CCNY Lecture Series on Computer Vision, Robotics and Human-Computer Interaction


Title: Airborne Remote Sensing – Applications, Systems and Algorithms

Harvey E. Rhody, Ph.D.
Professor of Imaging Science
Director, Laboratory for Imaging Algorithms and Systems
Chester F. Carlson Center for Imaging Science
Rochester Institute of Technology

Date: Tuesday, March 07, 2006
Time:  12:45 PM - 1:45 PM
Room: NAC 6/106

Abstract

Airborne remote sensing systems are widely used for commercial mapping and are becoming important for environmental monitoring and security applications. Military systems have been used for observation and planning. These applications typically have time lags from days to weeks. Currently systems are being developed for real-time applications, which impose difficult requirements on processing and communications. This talk will describe collection systems that are being utilized at the Rochester Institute of Technology for remote sensing collection and real-time exploitation for applications such as wildfire monitoring, environmental monitoring and security applications.

 

Systems include multispectral framing cameras, a hyperspectral scanner and a video rate multispectral system.
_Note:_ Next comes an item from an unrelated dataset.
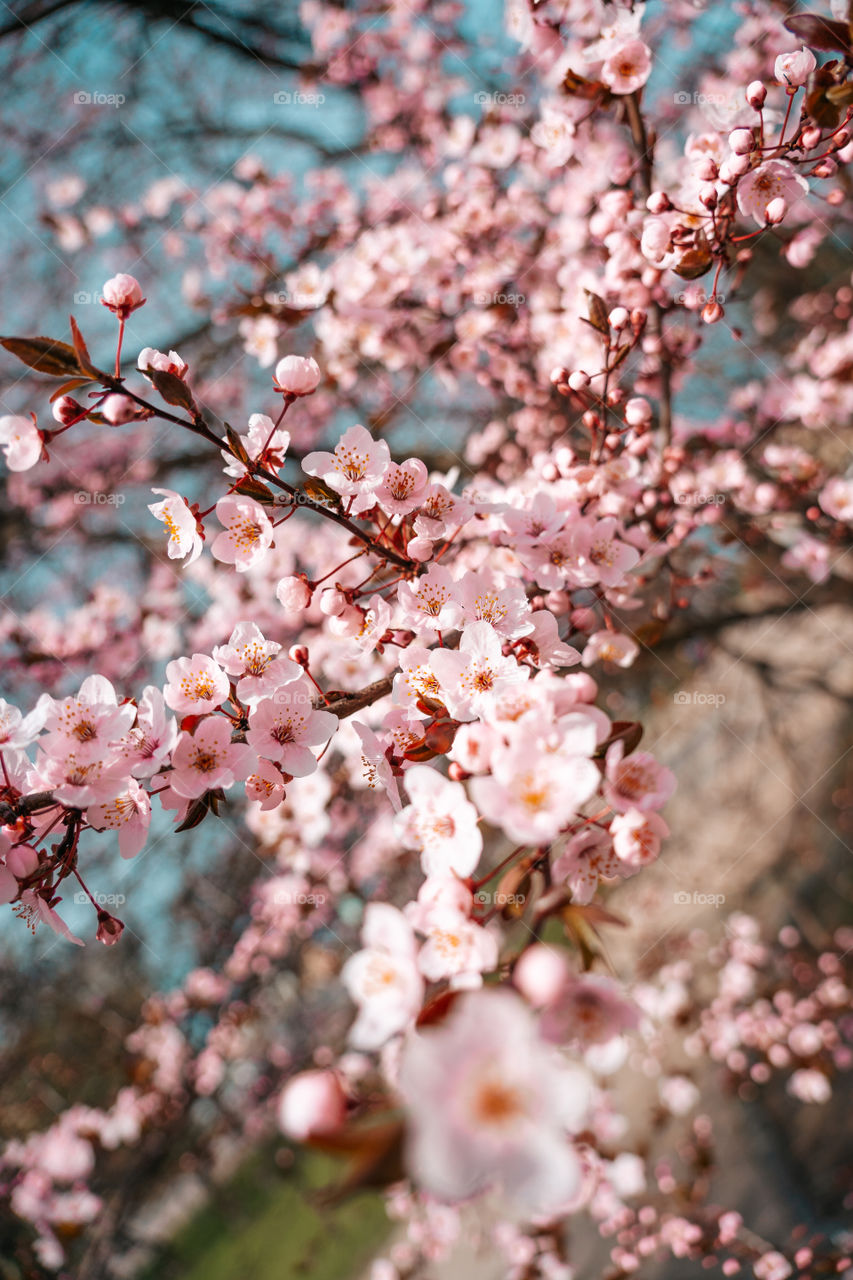 When trees start blooming in pink color.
Algorithms are required for image registration, georectification, and multi-sensor fusion. Exploitation tasks include target detection and scene modeling. Real-time requirements have imposed the necessity to construct automated airborne process work flows, which we have implemented using a novel airborne data processor architecture. The talk will address systems and algorithms for wildfire detection and automated scene modeling.

Biography

Dr. Harvey Rhody received a BSEE from the University of Wisconsin (1962), MSEE from the University of Cincinnati (1965) and Ph.D. in Electrical Engineering from Syracuse University (1969). He is currently a professor of imaging science in the Chester F. Carlson Center for Imaging Science and director of the Laboratory for Imaging Algorithms and Systems. He has been at RIT in various capacities since 1970, including professor of electrical engineering, department head of electrical engineering and president of RIT Research Corporation. He teaches and does research in the area of imaging systems, algorithms and applications. He is currently principal investigator on project to automate construction of scene models from airborne sensor data; on a project to construct an automated wildfire detection system; and a project to construct a hyperspectral analysis toolbox for NGA applications. He is an IEEE life member and currently the program chair for the upcoming AIPR-2006 workshop on model-based image analysis.


The lecture series is supported by CCNY Grove School of Engineering, and National Science Foundation.